┌─ Available data

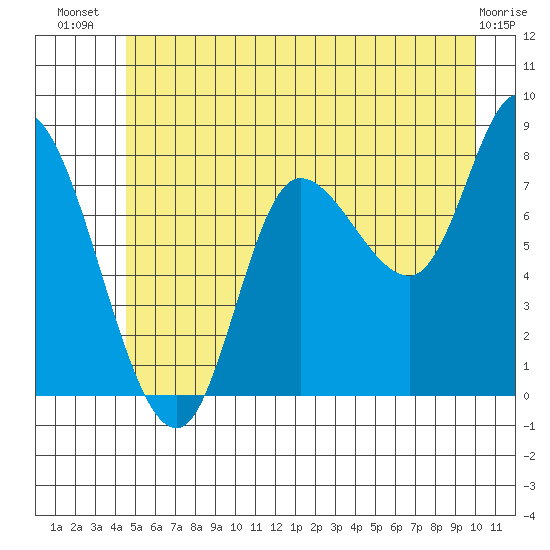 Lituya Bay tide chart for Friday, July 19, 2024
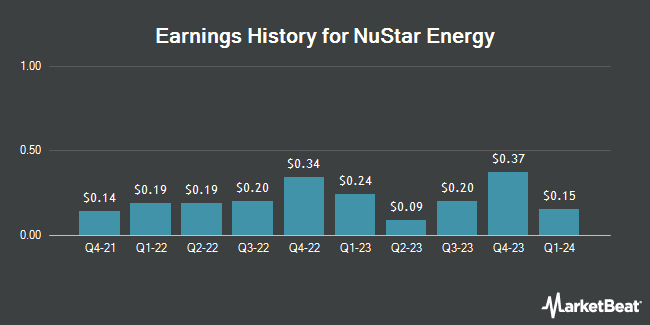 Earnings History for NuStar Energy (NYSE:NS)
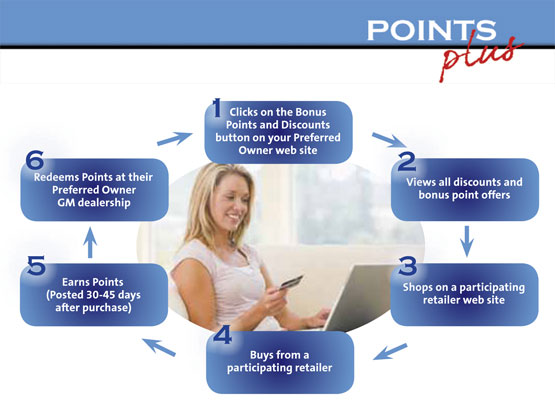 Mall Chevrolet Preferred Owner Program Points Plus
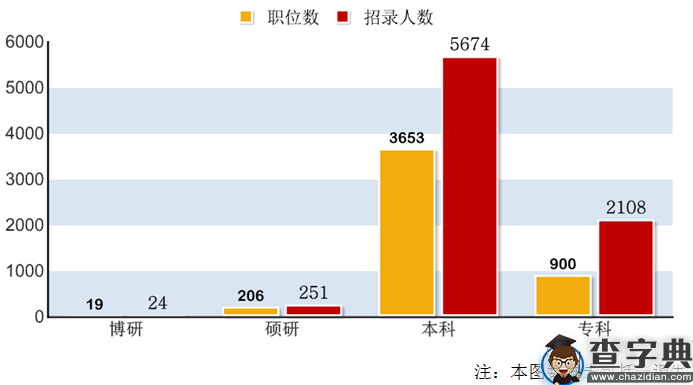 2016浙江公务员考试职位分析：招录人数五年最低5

└─

Exercise: Word for word, restate the material above; do not carry over the pictures.

Reply:
 Lituya Bay tide chart for Friday, July 19, 2024
 Earnings History for NuStar Energy (NYSE:NS)
 Mall Chevrolet Preferred Owner Program Points Plus
 2016浙江公务员考试职位分析：招录人数五年最低5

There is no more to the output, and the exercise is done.